In Spivak's Calculus on Manifolds, page 32, I believe there is a mild error in the statement of Theorem 2-9.

The theorem states:

"Let $g_{1} ,..., g_{m}$:$\Bbb{R}^{n} \rightarrow \Bbb{R}$ be continuously differentiable at $a$ and let $f:\Bbb{R}^{m} \rightarrow \Bbb{R}$ be differentiable at $(g_{1}(a), ... , g_{m}(a)) $. Define the function $F:\Bbb{R}^{n} \rightarrow \Bbb{R}$ by $F(x) = f(g_{1}(x), ... , g_{m}(x)). $ Then

$D_{i}F(a) = \sum_{j=1}^m D_{j}f(g_{1}(a), ... ,g_{m}(a))\cdot D_{i}g_{j}(a).$"

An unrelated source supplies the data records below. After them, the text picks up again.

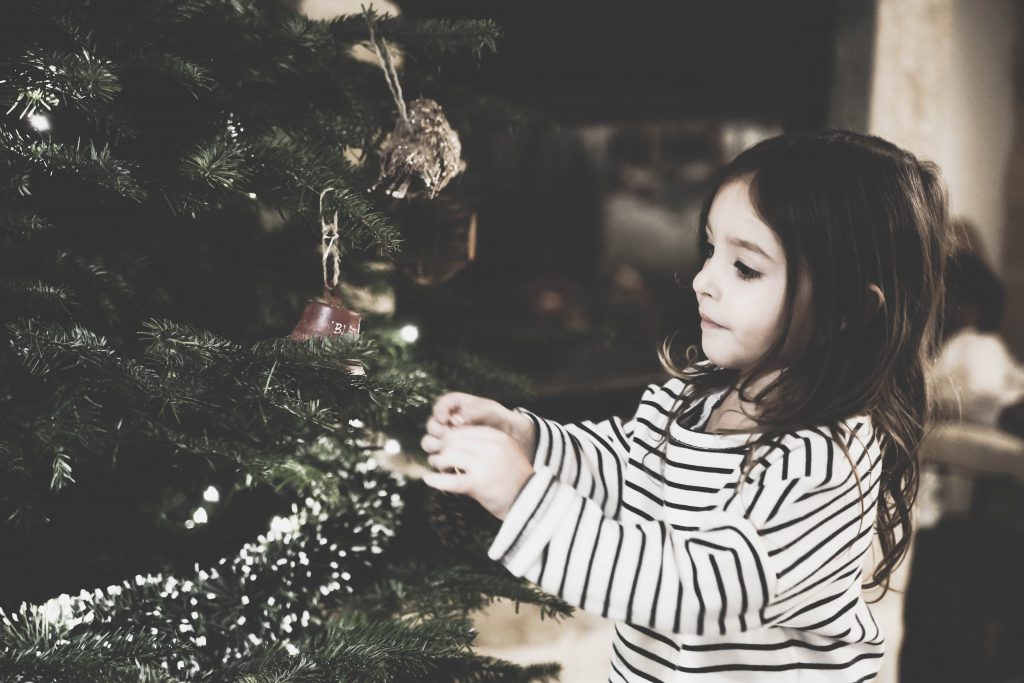 A young girl decorating a tree
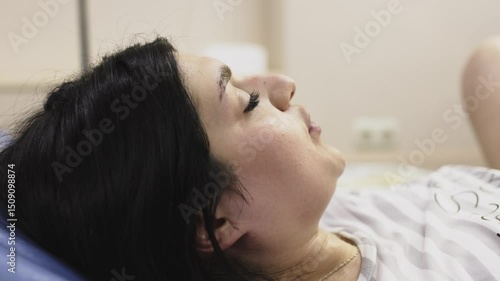 
A pregnant woman in active labor, enduring strong contractions while medical personnel help her deliver the baby. The concept of childbirth and professional assistance.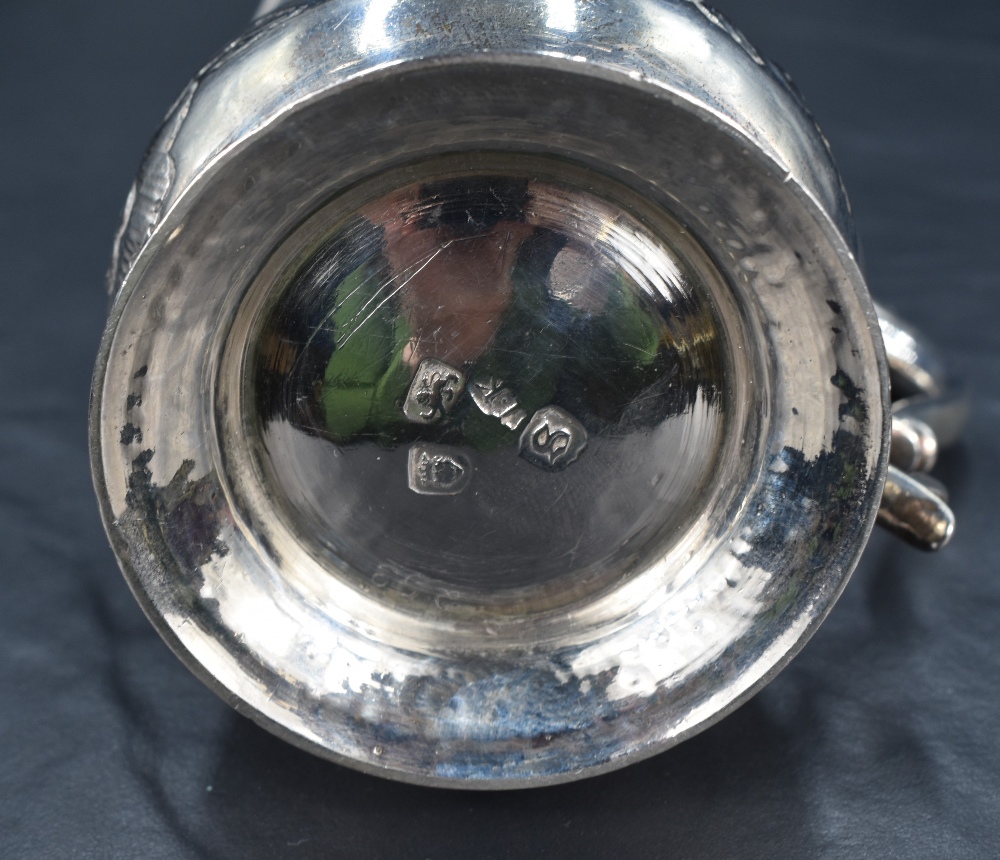 A George III silver tankard of baluster form, having a slightly flared rim and scroll handle, raised - Image 4 of 4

I believe it is an error that the $g_{i}$ must be assumed to be continuously differentiable (as opposed to just differentiable), as he proves in Theorem 2-3 on page 20 that the function $g:\Bbb{R}^{n} \rightarrow \Bbb{R}^{m}, x\rightarrow(g_{1}(x), ... , g_{m}(x))$ is differentiable iff the $g_{i}$ are just differentiable, with no continuity requirement.

Normally I would just ignore this and assume it is an error, but he explicitly states after the proof that this theorem is weaker than the chain rule because the $g_{i}$ must be continuously differentiable.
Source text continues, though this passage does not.